I want to do the following in bash: I have a textfile, and want to call a script that reads the file, waits for keystrokes from me and each time a correct button is pressed, it prints exactly one word (the next word) from the textfile.

To elaborate: Let's just say the textfile looks like the following

This is my
text file

and I am looking for keyboard buttons of the group [[:print:]]. So I call my script like ./script.sh textfile, then I press "A" and the Thisappears, then I press the Space button, still only the This, then I type "O" and the is appears, I press maybe "M" a few more times, until all of the text above is printed, and I'm done.

What I already have:

I already know how to wait for a single keypress and then do something if it works:

while true; do
  read -rsn1 input
    if [[ "$input" =~ "[[:print]]" ]]; then
     # do stuff on keypress

I also know how to read a file word by word: Read File word by word (I used answer of user Lambert)  The combination of the two does not seem to work how I want it though. 
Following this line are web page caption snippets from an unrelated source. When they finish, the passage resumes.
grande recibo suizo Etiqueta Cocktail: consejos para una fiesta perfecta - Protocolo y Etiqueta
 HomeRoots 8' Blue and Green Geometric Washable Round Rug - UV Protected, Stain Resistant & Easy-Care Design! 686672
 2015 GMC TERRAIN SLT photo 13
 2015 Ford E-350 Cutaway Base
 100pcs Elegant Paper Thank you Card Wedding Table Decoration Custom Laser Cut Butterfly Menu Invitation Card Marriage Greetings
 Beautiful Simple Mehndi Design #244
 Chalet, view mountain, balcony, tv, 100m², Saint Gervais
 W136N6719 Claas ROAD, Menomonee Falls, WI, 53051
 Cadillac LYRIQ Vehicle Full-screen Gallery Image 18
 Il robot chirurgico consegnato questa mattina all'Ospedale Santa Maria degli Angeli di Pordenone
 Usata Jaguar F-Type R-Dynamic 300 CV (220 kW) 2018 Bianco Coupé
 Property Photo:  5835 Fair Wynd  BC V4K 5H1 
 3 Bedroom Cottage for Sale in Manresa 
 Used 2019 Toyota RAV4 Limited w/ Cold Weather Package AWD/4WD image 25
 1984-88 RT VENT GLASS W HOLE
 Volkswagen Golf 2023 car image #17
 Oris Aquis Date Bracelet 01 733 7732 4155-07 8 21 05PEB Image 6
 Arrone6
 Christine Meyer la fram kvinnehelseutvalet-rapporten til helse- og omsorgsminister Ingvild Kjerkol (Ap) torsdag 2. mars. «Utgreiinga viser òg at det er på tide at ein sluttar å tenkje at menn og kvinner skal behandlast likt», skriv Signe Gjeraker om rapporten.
If anyone has any idea on how to do this, I'd greatly appreciate it. Also, please remark if I did formulate anything unclear/wrong or if I asked in the wrong place/manner.

Edit for clarification The Textfile may contain an arbitrary number of lines. Each keypress should print words exactly like it stands in the Textfile, i.e. it conserves spaces and newlines (think of the script I want to achieve as a delayed cat that prints not the whole file at once, but only Word by Word on keystroke)

  • Is that just one line in textfile, or can there be more than one?
    – RudiC
    Oct 11, 2018 at 8:01
  • in regards to the keys you're pressing, I see no connection between them. Can you clarify if you're expecting any alpha-numeric keystroke to print the next word? Oct 11, 2018 at 8:01
  • @RudiC Yes, Textfile may contain an arbitrary number of lines.
    – Pharguin
    Oct 11, 2018 at 8:08
  • @RobotJohnny Sorry if I did not make it clear. I am expecting any alpha-numeric keystroke, i.e. a-z A-Z 0-9.
    – Pharguin
    Oct 11, 2018 at 8:09

1 Answer 1


You're not too far off for a one line file. Try arrays and get rid of your syntax errors:

read -a TMPARR < file
while read -n1 CH && [[ $CNT -lt ${#TMPARR[@]} ]]; do [[ "$CH" =~ [[:print:]] ]] && echo ${TMPARR[((CNT++))]}; done

For a multiline file, try

while read -a TMPARR <&3
   do   CNT=0
        [[ $CNT -lt ${#TMPARR[@]} ]] && read -sn1 CH
        while read -sn1 CH && [[ $CNT -lt ${#TMPARR[@]} ]]
          do [[ "$CH" =~ [[:print:]] ]] && echo ${TMPARR[((CNT++))]}
   done  3< file

You have to split the input file descriptors for reading the text lines sequentially and reading from the terminal in parallel.

  • How could I modify this so this works for multiple lines? I added a short clarification to my question on how I want the output to look, too.
    – Pharguin
    Oct 11, 2018 at 8:31
  • Thanks for your Input so far. This almost does the trick. It still prints every word seperate on a new line. If I use echo -n "${TMPARR[((CNT++))]} " I get the text separated by spaces. Still, all newlines from the original file are omitted (I am guessing because of how the Array gets created?). I want to keep the formatting exactly like in the original file though, so with all linebreaks, spaces, identations etc intact, if possible.
    – Pharguin
    Oct 11, 2018 at 9:58
  • Would adding an echo between the two dones help?
    – RudiC
    Oct 11, 2018 at 10:26
  • This does the trick! Thanks and accepted.